Your answer must match, word for word, the lines from the one holding "Dear Teacher Funny Sarcastic T-Shirt" through the final line below, with pictures excluded.

(Captioned web images)

[Start of Attachment]

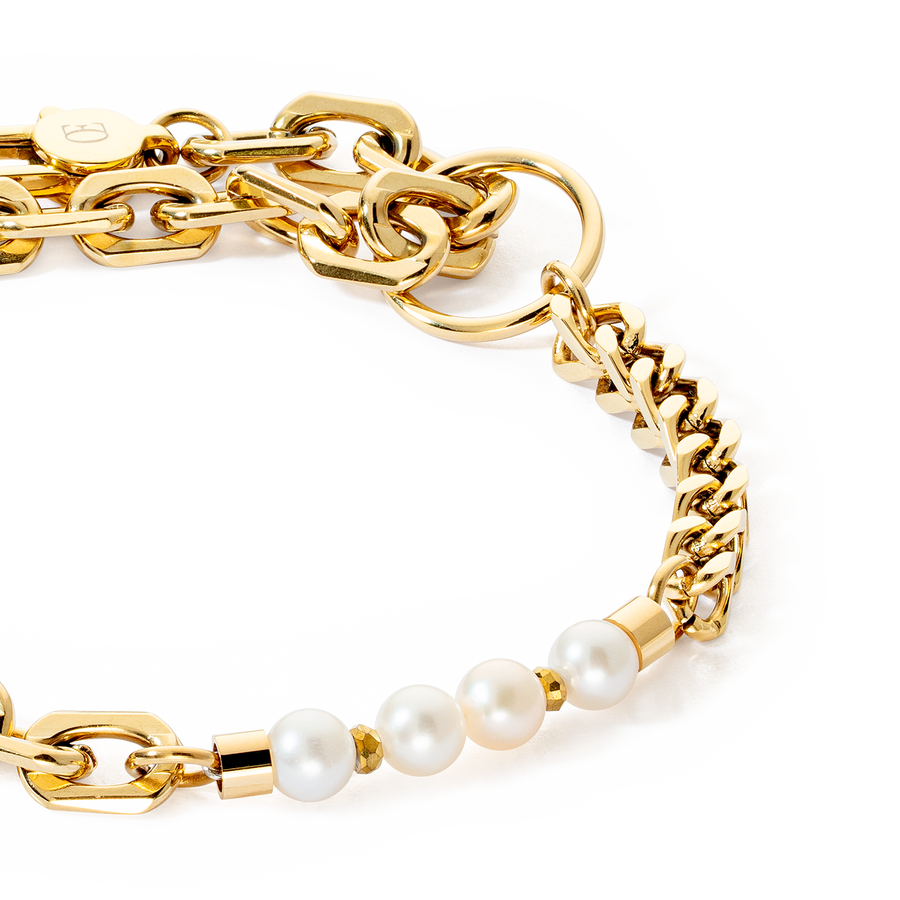 Bracelet Shape Shifter Freshwater Pearls gold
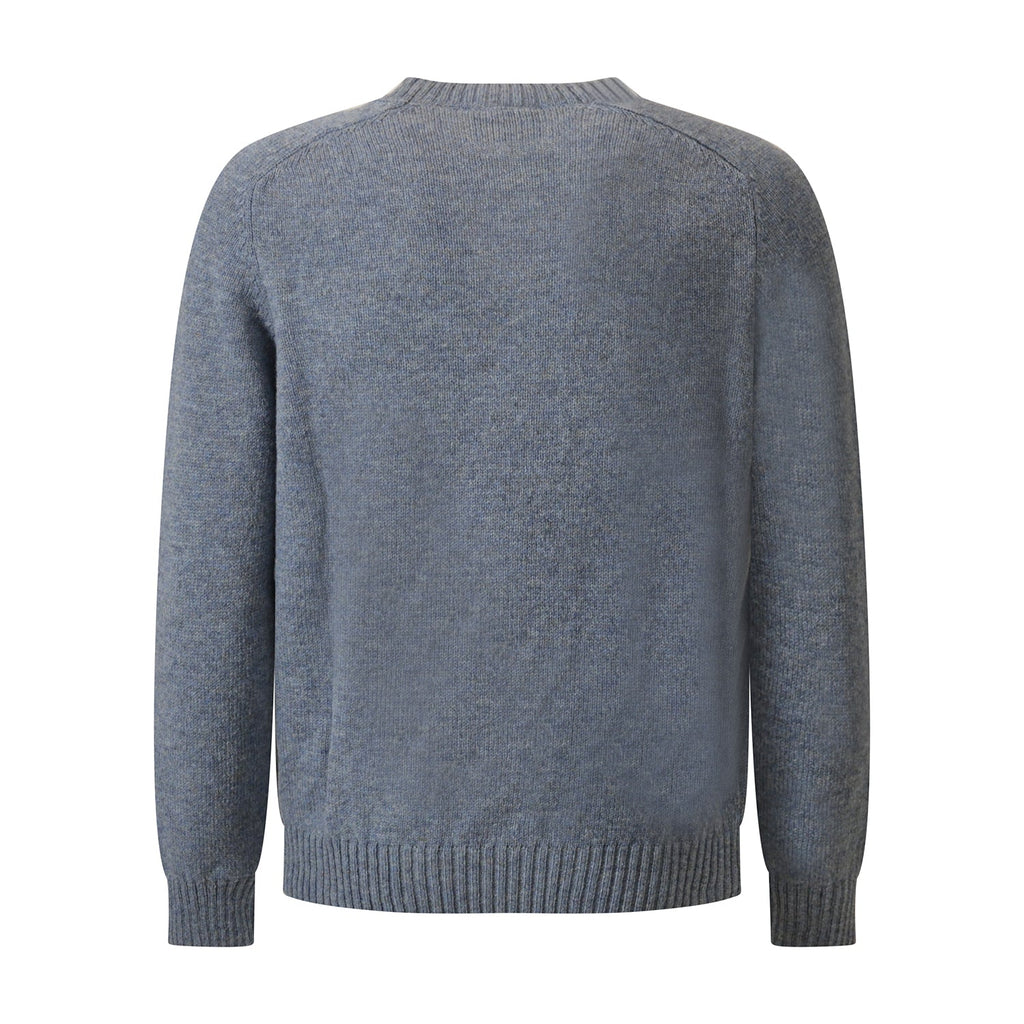 MAGLIA PARICOLLO DENIM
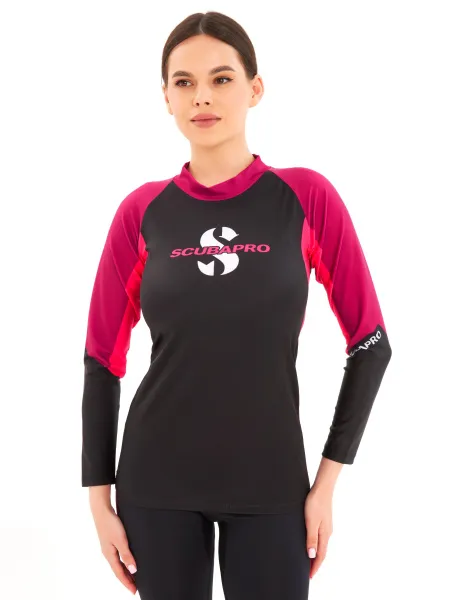 Футболка из лайкры Scuba Violet Футболка из лайкры Scuba Violet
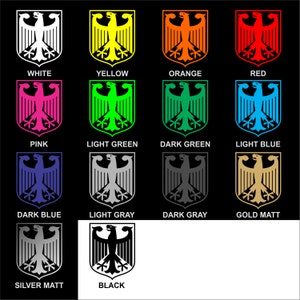 German Eagle Crest Deutschland Germany Flag Panzer Decal Sticker Sizes/Colors image 2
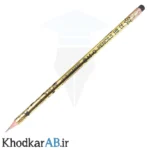 مداد-مشکی-طلایی-M.Q-پاکن-دار-مشکی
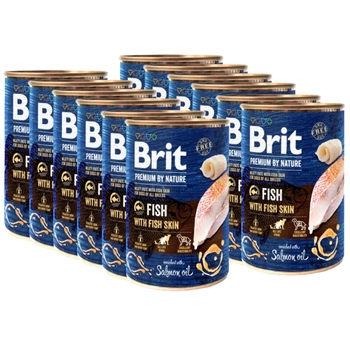 Brit Premium by Nature Ryby s rybou kožou 12x400g
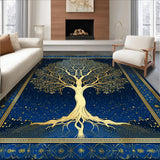 Contemporary Blue and Gold Fusion(Blue)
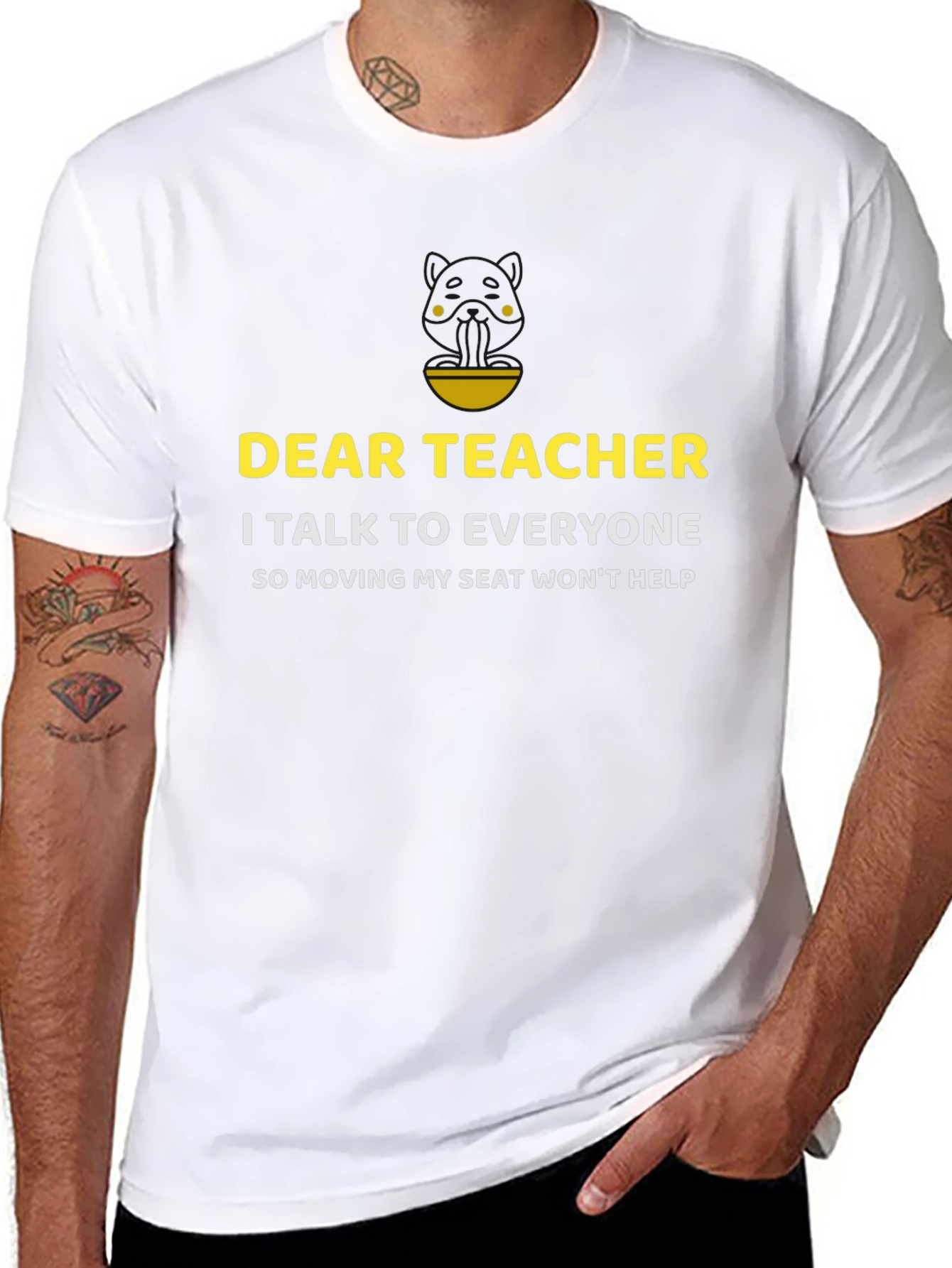 Dear Teacher Funny Sarcastic T-Shirt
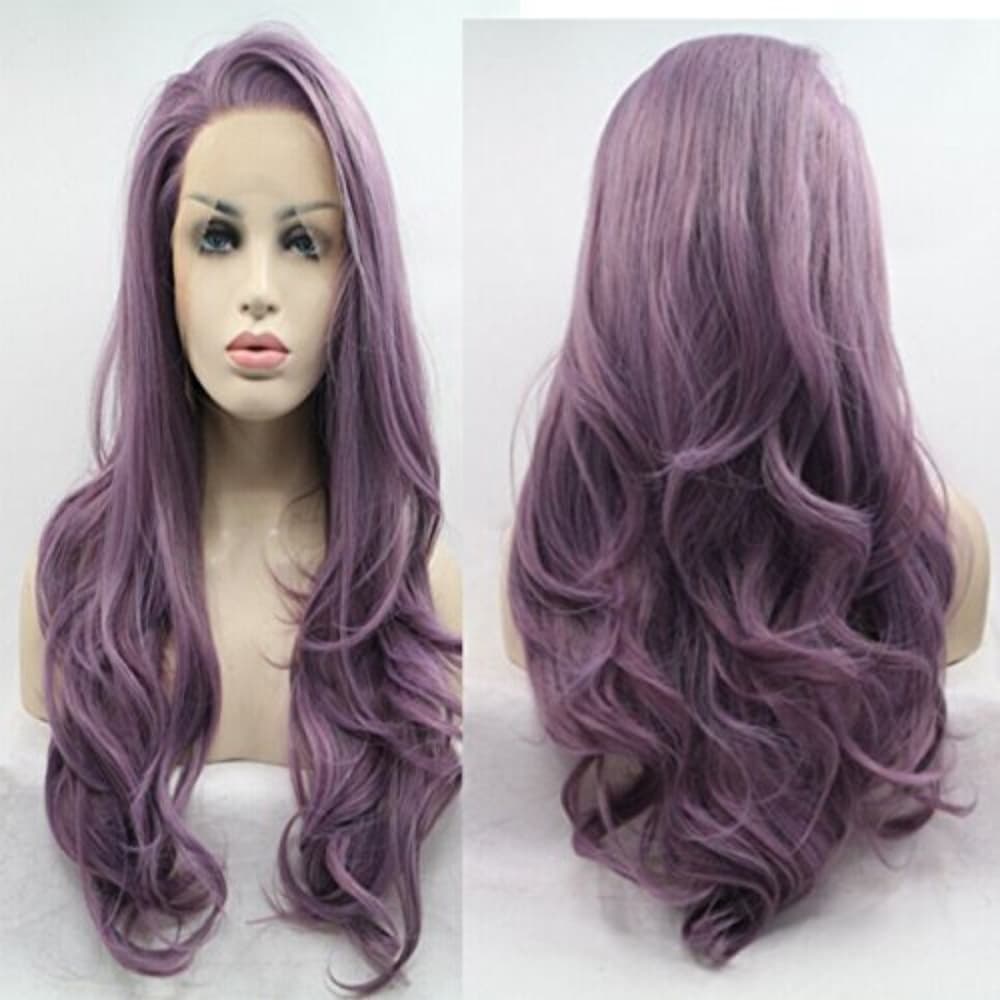 Purple Beauty Lace Front Wig - Thumbnail 3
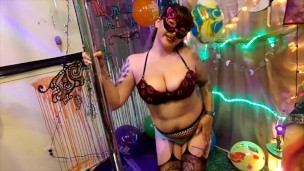 Balloon fetish B2P, blowing, pop, hump, balloon pussy stuff & fuck 2 cum popping W all body parts!HD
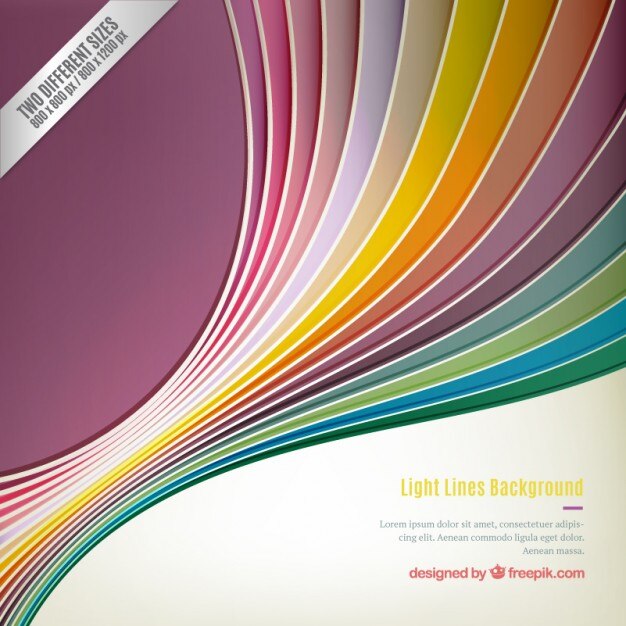 Fondo de capas onduladas de colored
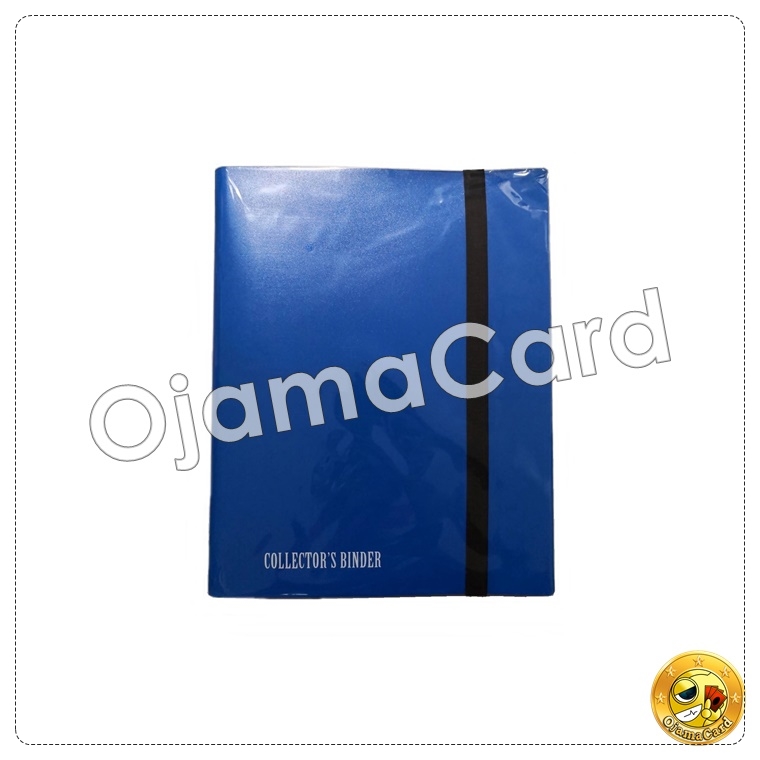 Collector's Binder Side Loading 9-Pocket — Blue「แฟ้มใส่การ์ด 9 ช่อง | 20 แผ่น | 40 หน้า」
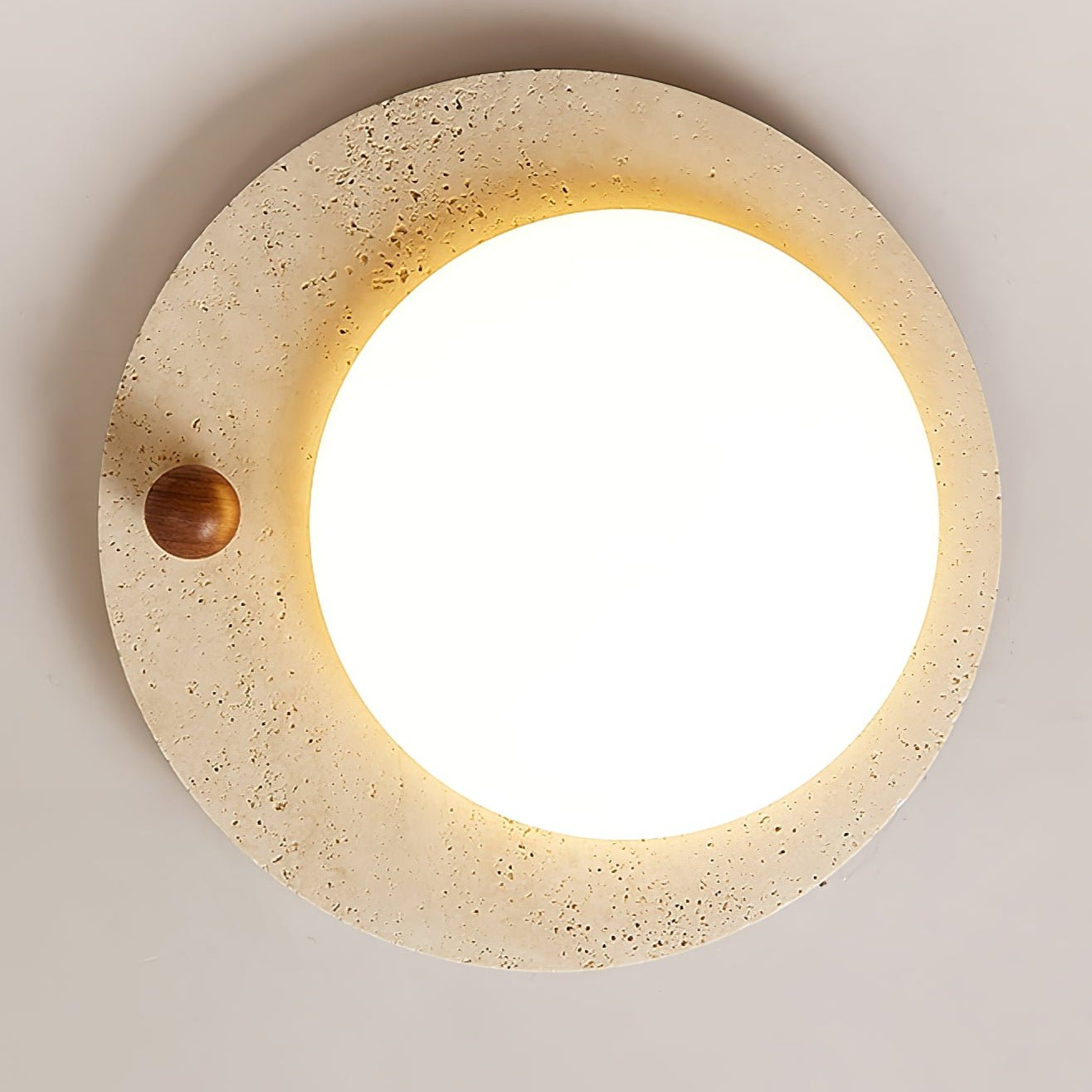 Orbia Lumière de Plafond Circulaire en Travertin - Neutralighting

[End of Attachment]

Output for this exercise.
 Dear Teacher Funny Sarcastic T-Shirt
 Purple Beauty Lace Front Wig - Thumbnail 3
 Balloon fetish B2P, blowing, pop, hump, balloon pussy stuff & fuck 2 cum popping W all body parts!HD
 Fondo de capas onduladas de colored
 Collector's Binder Side Loading 9-Pocket — Blue「แฟ้มใส่การ์ด 9 ช่อง | 20 แผ่น | 40 หน้า」
 Orbia Lumière de Plafond Circulaire en Travertin - Neutralighting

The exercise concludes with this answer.